▸ WHAT IS BEING ASKED
Your answer must hold only the lines below from the line containing "Each of these" through the line containing "Hello. In this", each reproduced exactly.

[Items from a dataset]
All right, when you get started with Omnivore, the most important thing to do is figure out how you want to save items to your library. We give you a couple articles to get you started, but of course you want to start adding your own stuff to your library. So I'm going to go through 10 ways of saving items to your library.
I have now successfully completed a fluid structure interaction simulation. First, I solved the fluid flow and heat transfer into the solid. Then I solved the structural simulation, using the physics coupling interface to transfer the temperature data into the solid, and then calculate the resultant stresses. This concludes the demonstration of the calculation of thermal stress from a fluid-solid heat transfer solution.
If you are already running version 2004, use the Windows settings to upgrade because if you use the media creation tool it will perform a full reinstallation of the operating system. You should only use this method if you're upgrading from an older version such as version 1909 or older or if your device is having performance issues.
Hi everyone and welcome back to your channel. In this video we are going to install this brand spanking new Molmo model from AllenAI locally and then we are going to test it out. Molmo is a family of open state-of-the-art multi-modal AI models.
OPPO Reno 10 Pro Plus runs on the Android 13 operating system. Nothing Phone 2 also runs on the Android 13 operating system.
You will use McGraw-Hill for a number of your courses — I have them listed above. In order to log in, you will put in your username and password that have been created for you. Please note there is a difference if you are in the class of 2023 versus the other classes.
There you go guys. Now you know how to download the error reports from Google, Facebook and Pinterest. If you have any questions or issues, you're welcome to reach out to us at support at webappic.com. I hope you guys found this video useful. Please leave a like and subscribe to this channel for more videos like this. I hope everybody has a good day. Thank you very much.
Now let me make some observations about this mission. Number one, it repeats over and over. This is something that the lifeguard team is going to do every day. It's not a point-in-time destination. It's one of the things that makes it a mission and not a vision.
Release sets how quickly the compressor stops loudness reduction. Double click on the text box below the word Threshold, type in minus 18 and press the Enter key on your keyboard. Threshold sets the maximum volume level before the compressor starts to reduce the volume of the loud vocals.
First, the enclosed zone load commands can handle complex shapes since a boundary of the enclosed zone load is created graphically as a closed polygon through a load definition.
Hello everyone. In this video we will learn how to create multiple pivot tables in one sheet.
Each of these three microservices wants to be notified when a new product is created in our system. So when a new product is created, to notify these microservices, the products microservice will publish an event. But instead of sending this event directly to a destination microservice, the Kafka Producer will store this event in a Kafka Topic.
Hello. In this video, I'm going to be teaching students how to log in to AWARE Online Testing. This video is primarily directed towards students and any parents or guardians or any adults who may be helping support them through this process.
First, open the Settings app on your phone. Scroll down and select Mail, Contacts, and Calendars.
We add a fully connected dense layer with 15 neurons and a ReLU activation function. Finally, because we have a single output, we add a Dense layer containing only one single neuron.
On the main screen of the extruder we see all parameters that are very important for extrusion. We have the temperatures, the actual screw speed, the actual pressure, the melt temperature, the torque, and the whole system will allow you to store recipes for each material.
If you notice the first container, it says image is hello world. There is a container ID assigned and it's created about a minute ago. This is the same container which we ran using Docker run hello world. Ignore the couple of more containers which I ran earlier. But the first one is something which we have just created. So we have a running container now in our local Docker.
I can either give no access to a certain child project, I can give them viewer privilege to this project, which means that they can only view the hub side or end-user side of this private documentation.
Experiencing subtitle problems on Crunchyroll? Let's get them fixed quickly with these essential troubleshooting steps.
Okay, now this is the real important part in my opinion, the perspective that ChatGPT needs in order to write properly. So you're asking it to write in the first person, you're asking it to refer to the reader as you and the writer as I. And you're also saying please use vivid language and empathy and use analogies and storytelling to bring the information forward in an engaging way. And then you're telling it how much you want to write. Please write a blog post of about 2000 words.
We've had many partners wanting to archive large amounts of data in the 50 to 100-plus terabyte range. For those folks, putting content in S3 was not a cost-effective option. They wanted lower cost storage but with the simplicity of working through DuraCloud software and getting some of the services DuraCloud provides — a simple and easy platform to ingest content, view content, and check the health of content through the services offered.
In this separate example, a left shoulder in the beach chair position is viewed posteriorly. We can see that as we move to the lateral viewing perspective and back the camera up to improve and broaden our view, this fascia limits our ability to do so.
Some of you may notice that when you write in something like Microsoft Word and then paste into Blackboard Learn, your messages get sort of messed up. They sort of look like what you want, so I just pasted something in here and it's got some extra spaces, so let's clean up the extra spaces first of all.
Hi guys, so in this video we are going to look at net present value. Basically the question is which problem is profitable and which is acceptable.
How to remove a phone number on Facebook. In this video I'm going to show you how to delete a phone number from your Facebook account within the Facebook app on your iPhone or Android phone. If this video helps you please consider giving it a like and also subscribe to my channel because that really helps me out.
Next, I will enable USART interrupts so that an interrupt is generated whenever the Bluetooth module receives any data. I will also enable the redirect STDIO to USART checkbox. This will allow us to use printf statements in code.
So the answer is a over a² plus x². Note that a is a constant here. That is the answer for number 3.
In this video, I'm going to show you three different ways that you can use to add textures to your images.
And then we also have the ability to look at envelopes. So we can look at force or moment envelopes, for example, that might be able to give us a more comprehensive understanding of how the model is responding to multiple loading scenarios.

▸ TASK RESULT
Each of these three microservices wants to be notified when a new product is created in our system. So when a new product is created, to notify these microservices, the products microservice will publish an event. But instead of sending this event directly to a destination microservice, the Kafka Producer will store this event in a Kafka Topic.
Hello. In this video, I'm going to be teaching students how to log in to AWARE Online Testing. This video is primarily directed towards students and any parents or guardians or any adults who may be helping support them through this process.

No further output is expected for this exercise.